Анатолий решил не сдаваться. С помощью правового инспектора труда Минского горкома профсоюза работников местной промышленности и коммунально-бытовых предприятий Тамары Жинкевич обжаловал отказ в вышестоящей инстанции, связался со свидетелем-сослуживцем, которому надбавку уже выдали. Но снова потерпел неудачу. Как полагается по закону, после двух отказов Тамара Жинкевич составила исковое заявление в суд. «Мы хотели избежать разбирательства, рассчитывали на диалог, – поясняет Тамара Николаевна. – Представили дополнительную справку из военкомата, где, в отличие от архивных документов, уже было указано, что Анатолий действительно был в определенный период в Чернобыльской зоне. Но увы…»
Презумпция правоты
Сейчас документы находятся на рассмотрении в суде. Анатолий надеется, что решение окажется в его пользу и годичная эпопея наконец завершится: «Я в Чернобыль не просился и потом тоже никогда ничего не просил. Кстати, из моего отряда в живых осталось около 10 ребят».
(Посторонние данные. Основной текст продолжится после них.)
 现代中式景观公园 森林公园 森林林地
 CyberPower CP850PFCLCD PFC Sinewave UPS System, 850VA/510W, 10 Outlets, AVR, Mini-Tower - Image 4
После этой истории велик соблазн упрекнуть несговорчивых чиновников. Но если объективно, они действовали по инструкции. Будь на их месте кто-то из нас, вряд ли рискнул распорядиться бюджетными средствами без «бумажки», нужной по проформе. Проблема в другом. Сейчас близится время выхода на пенсию для многих «чернобыльцев». Можно предположить, что Анатолий – не последний, кто столкнется с подобной ситуацией. Но почему именно эти люди должны проводить настоящее расследование, подтверждая свой статус? Было бы логичнее установить презумпцию их правоты и от этого отталкиваться дальше. «У государственных структур гораздо больше полномочий, чтобы изыскивать доказательства и работать с запросами. Так что пришло время пересмотреть сам подход к разрешению подобных проблем, возможно на законодательном уровне», – вспомнились слова Тамары Жинкевич. И здесь с юристом поспорить сложно.